▶ YOUR ASSIGNMENT: Look for the line containing "Sassafras albidum by WV University Herbarium" in the entries below, then print that line and all that follow it exactly.

▶ DATA FOR REVIEW:
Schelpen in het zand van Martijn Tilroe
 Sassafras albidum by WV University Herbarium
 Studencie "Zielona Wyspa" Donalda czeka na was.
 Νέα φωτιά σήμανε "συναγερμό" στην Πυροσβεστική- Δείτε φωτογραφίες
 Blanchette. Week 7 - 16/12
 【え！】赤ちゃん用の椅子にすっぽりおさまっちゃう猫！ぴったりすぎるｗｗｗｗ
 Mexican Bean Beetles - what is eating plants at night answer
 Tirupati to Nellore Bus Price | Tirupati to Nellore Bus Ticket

▶ SOLUTION TO THIS PROBLEM:
 Sassafras albidum by WV University Herbarium
 Studencie "Zielona Wyspa" Donalda czeka na was.
 Νέα φωτιά σήμανε "συναγερμό" στην Πυροσβεστική- Δείτε φωτογραφίες
 Blanchette. Week 7 - 16/12
 【え！】赤ちゃん用の椅子にすっぽりおさまっちゃう猫！ぴったりすぎるｗｗｗｗ
 Mexican Bean Beetles - what is eating plants at night answer
 Tirupati to Nellore Bus Price | Tirupati to Nellore Bus Ticket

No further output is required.